# Record set:
● ● ● ● ●

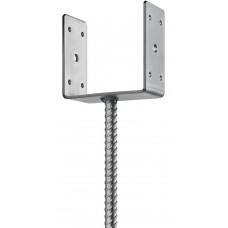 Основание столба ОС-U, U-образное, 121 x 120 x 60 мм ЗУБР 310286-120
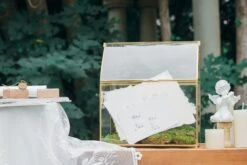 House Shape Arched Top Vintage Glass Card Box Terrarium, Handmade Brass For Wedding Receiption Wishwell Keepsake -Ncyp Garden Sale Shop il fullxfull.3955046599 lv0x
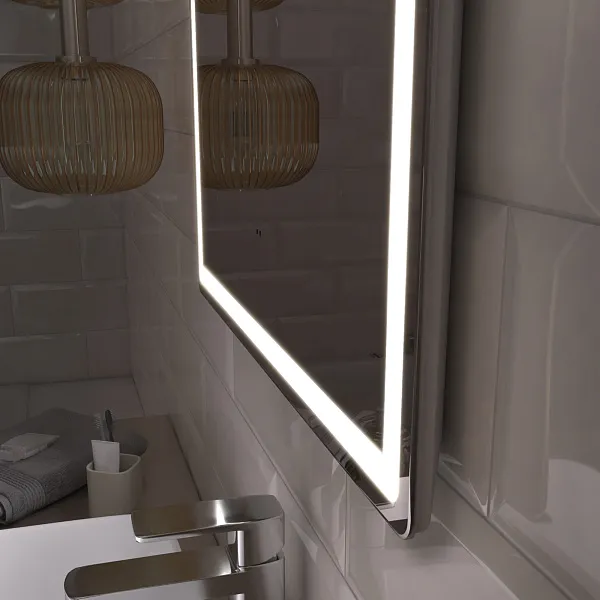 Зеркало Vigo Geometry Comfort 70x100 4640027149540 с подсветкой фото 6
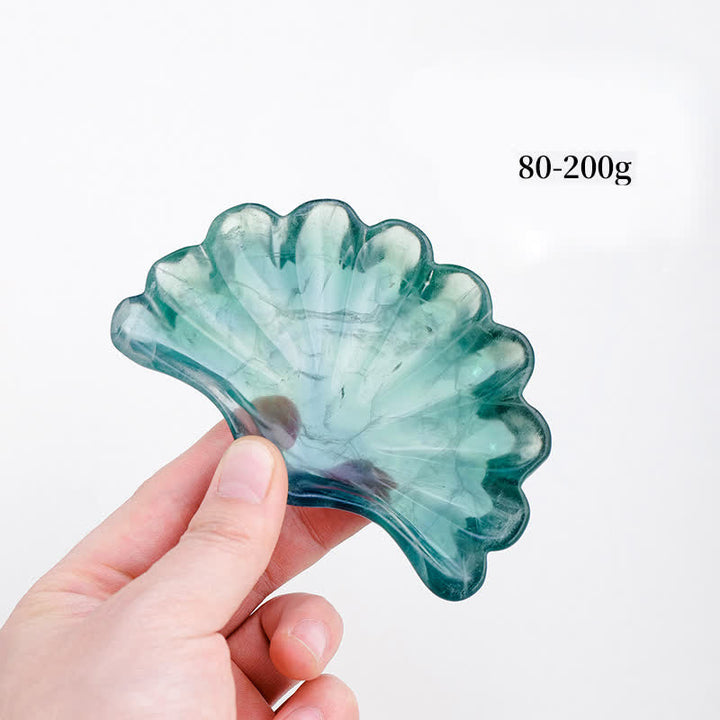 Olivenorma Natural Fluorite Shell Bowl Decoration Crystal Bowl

● ● ● ● ●

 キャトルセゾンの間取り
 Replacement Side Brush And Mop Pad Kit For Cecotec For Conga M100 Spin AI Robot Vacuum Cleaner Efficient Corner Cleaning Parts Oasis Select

● ● ● ● ●

# Assignment:
Of the lines above, quote exactly those from the one with "House Shape Arched" through the one with "Olivenorma Natural Fluorite", ends included; pictures stay out.

# Your response:
 House Shape Arched Top Vintage Glass Card Box Terrarium, Handmade Brass For Wedding Receiption Wishwell Keepsake -Ncyp Garden Sale Shop il fullxfull.3955046599 lv0x
 Зеркало Vigo Geometry Comfort 70x100 4640027149540 с подсветкой фото 6
 Olivenorma Natural Fluorite Shell Bowl Decoration Crystal Bowl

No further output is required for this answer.